Homélie de la Fête-Dieu
« Il a obtenu une libération définitive »
Jésus se rend présent à nous. Il vient ici. Il vient ici pour nous. Sa présence est entièrement présente en ce sens qu’elle n’a rien de fortuit ni d’indifférent. En se rendant présent, il vise la rencontre car s’il vient c’est bien pour nous rencontrer, pour entrer en relation avec chacun de nous. Tel est le signe de son désir de s’approcher de chacun de nous personnellement et de se livrer à nous : l’hostie est rompue et dans chaque parcelle, le Seigneur est tout entier. Jésus ne divise donc pas sa présence, il est entièrement disponible à tous. Bien qu’invisible à nos yeux, il est là tout entier et il s’y donne à nous.
Quant à nous, en revanche, nous sommes bien visibles mais nous pouvons être totalement absents à cette rencontre. Quand et comment sommes-nous présents ? Réunions ennuyeuses passées à s’occuper en rêvant d’ailleurs, rencontres importunes que l’on fuit en donnant le minimum de soi, solitude pesante à laquelle on se refuse : nous fuyons souvent la réalité présente dans une forme d’absence ; et, lorsque nous ne cherchons pas à fuir, nous nous affrontons à d’autres combats : nous avons voulu écouter cet ami et avons cru y réussir avant de nous apercevoir que nous étions tellement plein de nous-même que nous ne l’avons pas entendu en vérité. D’autres fois au contraire, en nous défilant, nous n’avons pas dit la parole qu’il fallait à ceux qui l’attendaient de nous, nous leur avons refusé notre présence véritable en rechignant à prendre notre place. Il s’agit donc d’être là, vraiment là, d’une présence ouverte qui permette à l’autre d’être présent, une présence qui appelle à la rencontre. Comment espérer être à la hauteur ?
Tout commence certainement par la prière et en particulier l’adoration : c’est là que nous apprenons à rechercher la présence d’un autre qui se cache. Cette présence ne se donne pas comme une fuite facile de notre solitude, mais elle vient lui donner son véritable remède en nous apprenant à nous mettre à l’écoute ; en effet, seul celui qui tend l’oreille y entend quelque chose. Rien qui s’impose dans la présence réelle du Seigneur, il envahit uniquement l’espace qu’on veut bien lui ouvrir. Tant que nous chercherons à combler notre solitude, nous ne rencontrerons pas vraiment les autres, nous les utiliserons pour nous. Aussi avons-nous profondément besoin de la prière pour que le vide qui nous habite soit comblé de la nourriture véritable. Alors, en allant vers nos frères et sœurs, nous serons disponibles à eux sans les chercher comme des rustines pour colmater nos déficiences. La rencontre avec le Christ réellement présent dans l’eucharistie transforme notre angoisse du vide en faim véritable, en même temps qu’elle nous nourrit du seul qui comble.

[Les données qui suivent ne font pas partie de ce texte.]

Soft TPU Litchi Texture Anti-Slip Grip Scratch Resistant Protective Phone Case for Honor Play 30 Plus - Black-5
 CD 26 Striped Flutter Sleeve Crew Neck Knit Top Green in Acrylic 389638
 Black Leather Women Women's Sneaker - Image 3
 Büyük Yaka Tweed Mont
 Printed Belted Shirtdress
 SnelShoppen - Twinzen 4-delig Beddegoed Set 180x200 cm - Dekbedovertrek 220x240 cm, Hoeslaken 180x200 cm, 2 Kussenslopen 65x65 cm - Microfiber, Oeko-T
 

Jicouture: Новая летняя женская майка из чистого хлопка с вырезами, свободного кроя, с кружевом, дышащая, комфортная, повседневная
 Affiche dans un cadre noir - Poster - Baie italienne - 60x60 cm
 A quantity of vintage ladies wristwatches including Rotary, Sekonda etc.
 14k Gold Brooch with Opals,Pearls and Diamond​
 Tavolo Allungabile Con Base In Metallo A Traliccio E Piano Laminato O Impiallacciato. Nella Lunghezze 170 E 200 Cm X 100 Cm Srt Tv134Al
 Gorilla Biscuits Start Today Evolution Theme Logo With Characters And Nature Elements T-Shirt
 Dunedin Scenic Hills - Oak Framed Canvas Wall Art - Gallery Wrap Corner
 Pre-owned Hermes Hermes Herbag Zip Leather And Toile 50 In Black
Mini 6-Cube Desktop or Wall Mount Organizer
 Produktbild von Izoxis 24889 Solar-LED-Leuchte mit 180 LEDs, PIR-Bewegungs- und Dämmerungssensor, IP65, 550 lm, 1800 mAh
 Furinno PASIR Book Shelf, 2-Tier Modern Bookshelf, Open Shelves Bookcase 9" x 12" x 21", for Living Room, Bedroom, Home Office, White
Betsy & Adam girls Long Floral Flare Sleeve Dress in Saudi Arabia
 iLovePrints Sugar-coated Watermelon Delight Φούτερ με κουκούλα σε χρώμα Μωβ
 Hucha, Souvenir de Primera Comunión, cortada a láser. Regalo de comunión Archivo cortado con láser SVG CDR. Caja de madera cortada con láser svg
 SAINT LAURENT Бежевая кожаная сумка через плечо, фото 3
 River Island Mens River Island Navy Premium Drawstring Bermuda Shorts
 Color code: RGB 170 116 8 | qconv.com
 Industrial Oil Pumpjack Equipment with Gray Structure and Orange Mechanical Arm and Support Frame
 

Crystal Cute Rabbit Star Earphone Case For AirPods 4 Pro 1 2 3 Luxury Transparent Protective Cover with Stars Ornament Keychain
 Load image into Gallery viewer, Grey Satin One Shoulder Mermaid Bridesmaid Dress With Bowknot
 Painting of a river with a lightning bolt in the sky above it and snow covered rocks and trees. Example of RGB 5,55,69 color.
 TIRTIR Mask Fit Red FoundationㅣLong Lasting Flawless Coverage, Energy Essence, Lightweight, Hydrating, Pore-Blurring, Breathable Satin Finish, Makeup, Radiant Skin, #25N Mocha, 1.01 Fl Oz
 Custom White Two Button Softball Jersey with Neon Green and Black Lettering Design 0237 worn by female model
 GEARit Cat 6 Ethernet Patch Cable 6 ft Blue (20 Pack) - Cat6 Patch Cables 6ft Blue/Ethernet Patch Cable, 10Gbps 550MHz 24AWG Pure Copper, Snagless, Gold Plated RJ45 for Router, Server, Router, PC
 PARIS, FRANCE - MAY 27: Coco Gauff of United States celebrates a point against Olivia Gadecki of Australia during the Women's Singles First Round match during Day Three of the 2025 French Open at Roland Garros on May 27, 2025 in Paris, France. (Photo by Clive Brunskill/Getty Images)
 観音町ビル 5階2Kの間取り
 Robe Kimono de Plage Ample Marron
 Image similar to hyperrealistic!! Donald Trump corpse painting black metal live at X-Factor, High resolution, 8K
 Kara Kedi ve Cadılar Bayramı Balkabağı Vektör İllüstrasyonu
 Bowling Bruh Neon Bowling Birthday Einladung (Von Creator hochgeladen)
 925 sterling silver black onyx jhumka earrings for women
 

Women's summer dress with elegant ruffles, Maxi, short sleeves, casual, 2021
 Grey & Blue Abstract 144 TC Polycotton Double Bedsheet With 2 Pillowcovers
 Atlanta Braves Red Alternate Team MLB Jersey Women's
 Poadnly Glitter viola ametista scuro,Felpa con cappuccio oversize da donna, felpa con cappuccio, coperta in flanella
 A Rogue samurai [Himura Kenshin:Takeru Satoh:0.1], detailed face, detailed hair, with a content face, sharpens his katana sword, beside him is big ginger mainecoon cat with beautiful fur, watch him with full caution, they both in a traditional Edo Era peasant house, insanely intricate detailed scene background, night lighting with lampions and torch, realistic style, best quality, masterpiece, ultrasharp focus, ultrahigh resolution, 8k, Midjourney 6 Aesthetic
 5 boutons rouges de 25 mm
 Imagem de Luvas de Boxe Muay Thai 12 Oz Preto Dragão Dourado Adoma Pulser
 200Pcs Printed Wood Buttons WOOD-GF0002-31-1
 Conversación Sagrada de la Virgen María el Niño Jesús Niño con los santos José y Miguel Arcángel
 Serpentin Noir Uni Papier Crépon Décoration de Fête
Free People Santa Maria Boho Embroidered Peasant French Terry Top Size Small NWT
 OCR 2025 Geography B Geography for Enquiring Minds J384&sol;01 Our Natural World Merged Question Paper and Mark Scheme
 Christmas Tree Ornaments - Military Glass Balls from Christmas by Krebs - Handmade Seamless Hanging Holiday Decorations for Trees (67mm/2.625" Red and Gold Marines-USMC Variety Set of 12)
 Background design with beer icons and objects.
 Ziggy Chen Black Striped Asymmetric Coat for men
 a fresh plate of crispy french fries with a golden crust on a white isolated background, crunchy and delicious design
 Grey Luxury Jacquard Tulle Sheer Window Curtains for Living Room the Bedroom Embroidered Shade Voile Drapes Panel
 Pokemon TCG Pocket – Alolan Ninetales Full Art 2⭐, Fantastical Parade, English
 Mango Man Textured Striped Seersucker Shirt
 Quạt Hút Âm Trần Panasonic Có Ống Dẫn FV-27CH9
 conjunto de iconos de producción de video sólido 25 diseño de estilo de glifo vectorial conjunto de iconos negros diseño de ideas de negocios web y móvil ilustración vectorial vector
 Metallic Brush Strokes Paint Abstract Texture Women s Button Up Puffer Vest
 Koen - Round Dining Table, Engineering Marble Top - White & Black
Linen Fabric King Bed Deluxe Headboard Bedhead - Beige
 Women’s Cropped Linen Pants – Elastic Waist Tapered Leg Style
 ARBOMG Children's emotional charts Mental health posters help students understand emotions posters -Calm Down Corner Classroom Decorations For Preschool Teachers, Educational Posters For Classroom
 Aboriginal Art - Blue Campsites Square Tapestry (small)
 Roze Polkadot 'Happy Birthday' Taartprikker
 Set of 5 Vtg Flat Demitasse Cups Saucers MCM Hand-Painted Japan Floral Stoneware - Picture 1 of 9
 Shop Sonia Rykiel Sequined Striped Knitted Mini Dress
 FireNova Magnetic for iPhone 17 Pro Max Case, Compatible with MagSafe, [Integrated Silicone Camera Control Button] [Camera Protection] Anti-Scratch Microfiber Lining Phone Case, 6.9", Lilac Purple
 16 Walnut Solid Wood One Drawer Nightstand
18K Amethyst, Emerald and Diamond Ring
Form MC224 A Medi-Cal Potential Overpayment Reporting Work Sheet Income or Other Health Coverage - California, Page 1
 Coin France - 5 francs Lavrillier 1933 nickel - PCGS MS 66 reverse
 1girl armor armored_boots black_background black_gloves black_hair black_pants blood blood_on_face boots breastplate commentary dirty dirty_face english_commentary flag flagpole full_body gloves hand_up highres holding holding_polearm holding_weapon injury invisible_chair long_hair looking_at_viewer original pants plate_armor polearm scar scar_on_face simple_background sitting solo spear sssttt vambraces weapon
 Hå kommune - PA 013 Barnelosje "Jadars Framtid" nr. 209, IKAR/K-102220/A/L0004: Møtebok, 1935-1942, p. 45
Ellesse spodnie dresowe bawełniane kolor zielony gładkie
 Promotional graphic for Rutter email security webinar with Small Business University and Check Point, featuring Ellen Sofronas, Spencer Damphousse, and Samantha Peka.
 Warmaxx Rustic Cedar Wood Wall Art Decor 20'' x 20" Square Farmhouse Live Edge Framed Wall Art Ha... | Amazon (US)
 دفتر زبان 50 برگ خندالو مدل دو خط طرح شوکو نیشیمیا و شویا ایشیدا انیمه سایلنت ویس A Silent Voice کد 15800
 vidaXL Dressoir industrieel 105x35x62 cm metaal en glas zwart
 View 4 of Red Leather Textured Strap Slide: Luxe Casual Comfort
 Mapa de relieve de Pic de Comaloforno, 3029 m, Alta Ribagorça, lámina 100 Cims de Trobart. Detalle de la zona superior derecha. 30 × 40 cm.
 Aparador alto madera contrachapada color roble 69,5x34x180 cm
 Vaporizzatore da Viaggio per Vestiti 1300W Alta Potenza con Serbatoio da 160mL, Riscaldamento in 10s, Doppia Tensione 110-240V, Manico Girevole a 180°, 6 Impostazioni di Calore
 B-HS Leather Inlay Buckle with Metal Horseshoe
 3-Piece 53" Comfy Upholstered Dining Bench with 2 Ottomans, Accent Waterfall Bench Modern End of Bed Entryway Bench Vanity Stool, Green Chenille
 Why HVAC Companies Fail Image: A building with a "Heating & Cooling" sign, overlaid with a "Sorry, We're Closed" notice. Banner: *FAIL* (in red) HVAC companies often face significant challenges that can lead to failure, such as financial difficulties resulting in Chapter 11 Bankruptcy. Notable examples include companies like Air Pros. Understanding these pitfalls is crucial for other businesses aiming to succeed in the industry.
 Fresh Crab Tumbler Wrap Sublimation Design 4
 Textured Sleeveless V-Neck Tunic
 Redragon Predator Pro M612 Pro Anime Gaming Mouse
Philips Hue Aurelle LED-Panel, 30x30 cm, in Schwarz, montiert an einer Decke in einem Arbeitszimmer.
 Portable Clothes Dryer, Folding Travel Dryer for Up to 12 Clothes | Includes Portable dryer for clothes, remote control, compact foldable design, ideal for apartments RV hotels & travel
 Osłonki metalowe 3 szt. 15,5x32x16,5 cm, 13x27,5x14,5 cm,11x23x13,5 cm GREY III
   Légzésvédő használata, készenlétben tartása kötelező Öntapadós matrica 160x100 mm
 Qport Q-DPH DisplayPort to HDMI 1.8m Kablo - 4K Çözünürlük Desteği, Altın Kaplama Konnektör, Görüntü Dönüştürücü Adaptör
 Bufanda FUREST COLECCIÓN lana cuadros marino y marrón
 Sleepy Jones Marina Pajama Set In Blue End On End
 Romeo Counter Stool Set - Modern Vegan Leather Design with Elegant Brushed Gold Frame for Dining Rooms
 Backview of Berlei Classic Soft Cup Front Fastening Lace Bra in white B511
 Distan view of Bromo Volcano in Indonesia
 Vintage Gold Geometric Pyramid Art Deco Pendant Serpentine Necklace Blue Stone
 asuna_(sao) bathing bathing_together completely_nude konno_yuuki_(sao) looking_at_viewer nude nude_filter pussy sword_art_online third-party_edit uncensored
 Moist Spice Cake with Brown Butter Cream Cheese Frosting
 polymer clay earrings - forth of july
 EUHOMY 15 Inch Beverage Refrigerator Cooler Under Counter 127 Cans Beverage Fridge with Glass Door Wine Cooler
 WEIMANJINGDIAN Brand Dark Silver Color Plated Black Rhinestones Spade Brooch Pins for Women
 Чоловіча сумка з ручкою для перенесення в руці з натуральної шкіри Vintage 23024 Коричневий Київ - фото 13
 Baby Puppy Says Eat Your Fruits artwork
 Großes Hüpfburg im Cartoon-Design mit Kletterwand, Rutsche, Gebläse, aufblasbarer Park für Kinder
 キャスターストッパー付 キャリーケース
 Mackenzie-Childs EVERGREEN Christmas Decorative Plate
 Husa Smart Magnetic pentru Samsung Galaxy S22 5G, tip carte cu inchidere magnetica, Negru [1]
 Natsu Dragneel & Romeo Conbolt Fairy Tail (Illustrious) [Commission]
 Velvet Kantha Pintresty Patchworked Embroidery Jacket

Elle nous apprend ainsi à entrer dans l’écoute. Ici, il y a une forme de désherbage permanent à opérer : dès lors que nous cherchons à faire de la place pour le Seigneur et pour les autres, nous devons arracher ce qu’il y a en nous de préjugés, de vanité, de bêtise, de lâcheté, tout ce qui ne semble pas si grave au départ mais le devient si on le laisse pulluler. C’est une sorte de chiendent que nous ne cesserons de déraciner pour que l’autre puisse respirer en notre présence et être libre de s’épanouir à notre contact. Écouter véritablement demande un travail quotidien sur notre cœur et l’attention délicate d’un jardinier veillant avec une patience persévérante.
Alors, la mesure de notre ouverture au Seigneur sera celle de notre rencontre des autres. L’espace que nous aurons laissé à Dieu dans la prière se trouvera prêt pour recevoir nos amis, nos connaissances et jusqu’à l’importun. C’est dans l’eucharistie que nous trouverons cette présence réelle et totale, venons-y en y appliquant toutes nos puissances : que notre corps s’en approche avec grâce, que notre esprit s’y attache, que notre cœur en ait un profond désir. En nous emplissant de sa présence, le Seigneur nous donnera d’être présents à notre tour à ceux vers lesquels il nous envoie. Amen.